6. The learned counsel for the department submits that the learned single Judge failed to appreciate that the demand letter was issued in pursuance of the procedure prescribed under Chapter VIIA of the Rules which do not provide for issuance of any notice prior to the completion of the assessment. The counsel for the department submitted that the learned Single Judge overlooked the provisions of Rule 173G(1)(iii) and 173-I of the Rules and erroneously assumed that the demand under Rule 173-I must precede notice to the assessee. It was further contended that the assumption of the learned Single Judge that the provisions of Section 11A of the Act are attracted to the demand made is erroneous, and indeed Section 11A had no application whatsoever to the facts of the case. It was further contended on behalf of the department that the Mills could not take advantage of the interim relief secured from this Court to claim that the department was duty bound to make demand of excise duty due for the period September 1981 to July 20, 1985 within a period of six months. The counsel for the Mills on the other hand submitted that the decision of the learned Single Judge that the demand must precede with notice to the assessee and assessment can be completed only after notice is correct and does not suffer from any infirmity. The counsel for the Mills tried to sustain the impugned decision by reference to the decision of the Supreme Court in the case of Gokak Patel Volkart Ltd. , and some observations made in Union of India and Others v. Madhumilan Syntex Pvt. Ltd. . In our judgment the impugned decision is not correct and is required to be set aside.

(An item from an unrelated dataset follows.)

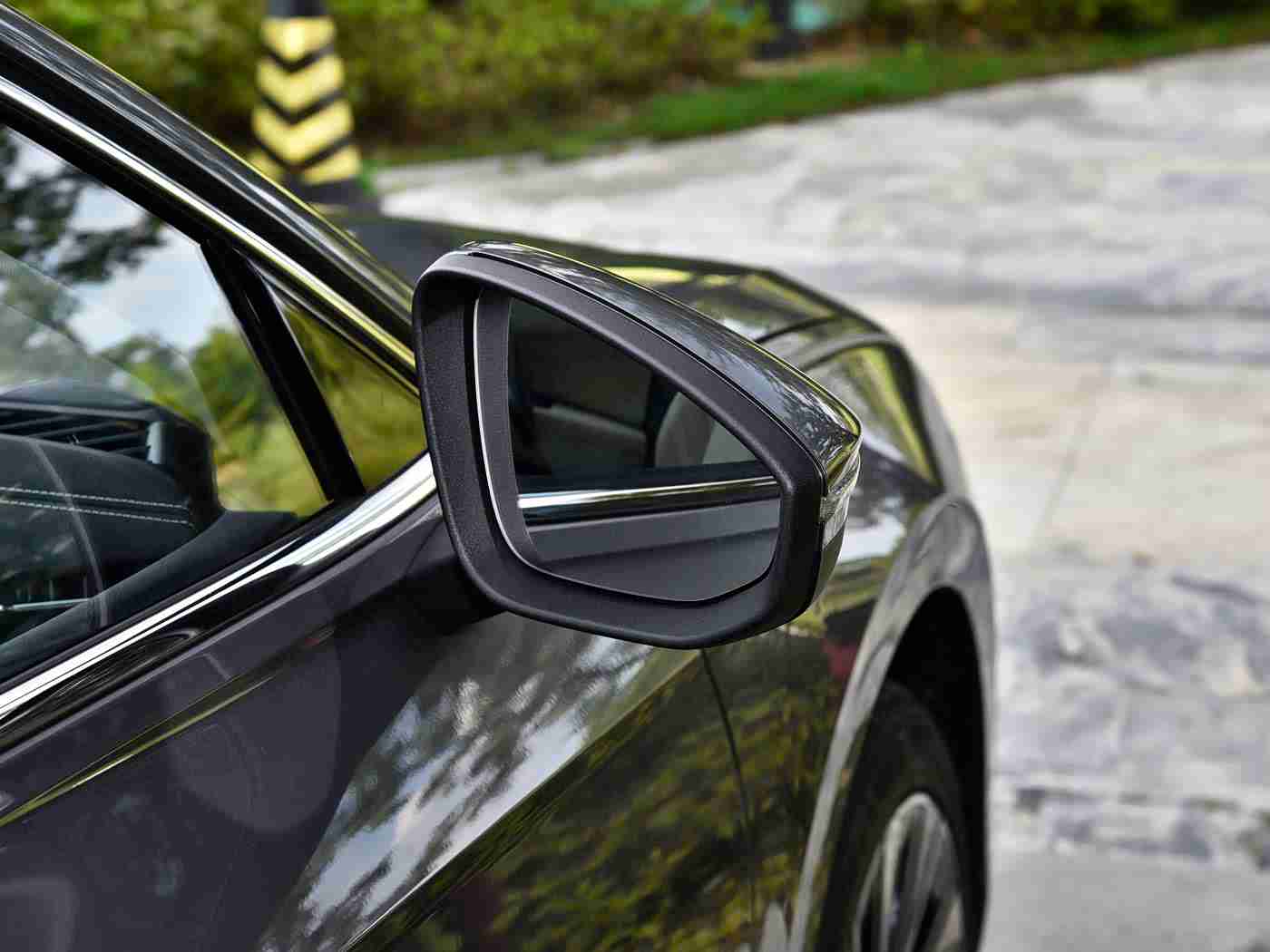 十大黄：黄色彩绘车潮涌，时尚驾驭新风尚-2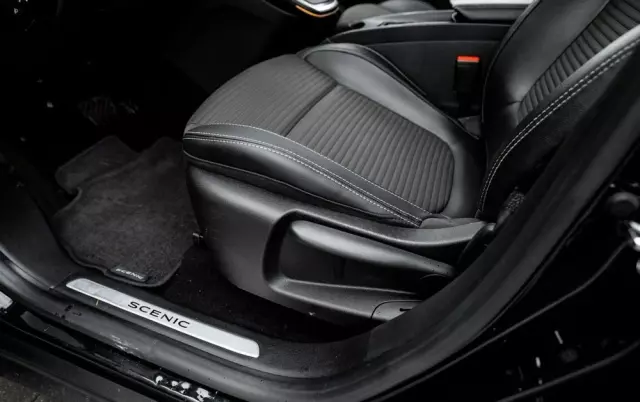 RENAULT Grand Scenic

7. It is not in dispute that the Mill is a composite mill in the sense that the yarn manufactured by the mill is consumed in the mill itself for the manufacture of cotton fabrics. Rule 9 of the Central Excise Rules prescribes that no excisable goods shall be removed from its place where they are produced or manufactured until the excise duty leviable thereon has been paid. The Rule permits the Collector to provide that instead of payment of duty in respect of separate consignment of goods, the assessee can open an account and the duties payable can be deposited at intervals not exceeding one month. Rule 49A inter alia provides that where a manufacturer who manufactures cellulosic spun yarn falling under Item 18-III(1) of the First Schedule to the Act and uses the whole part of the yarn so manufactured in the manufacture of cotton fabrics in his own factory, can make an application to the Collector and the Collector may permit the manufacturer to pay duty leviable on such yarn along with duty on cotton fabrics in the manner prescribed in Rule 52. Rule 49A was inserted by Finance Act, 1982 with the object of avoiding separate payment of duty twice by the same manufacturer when the yarn manufactured in the factory is consumed in the factory itself for manufacture of cotton fabrics.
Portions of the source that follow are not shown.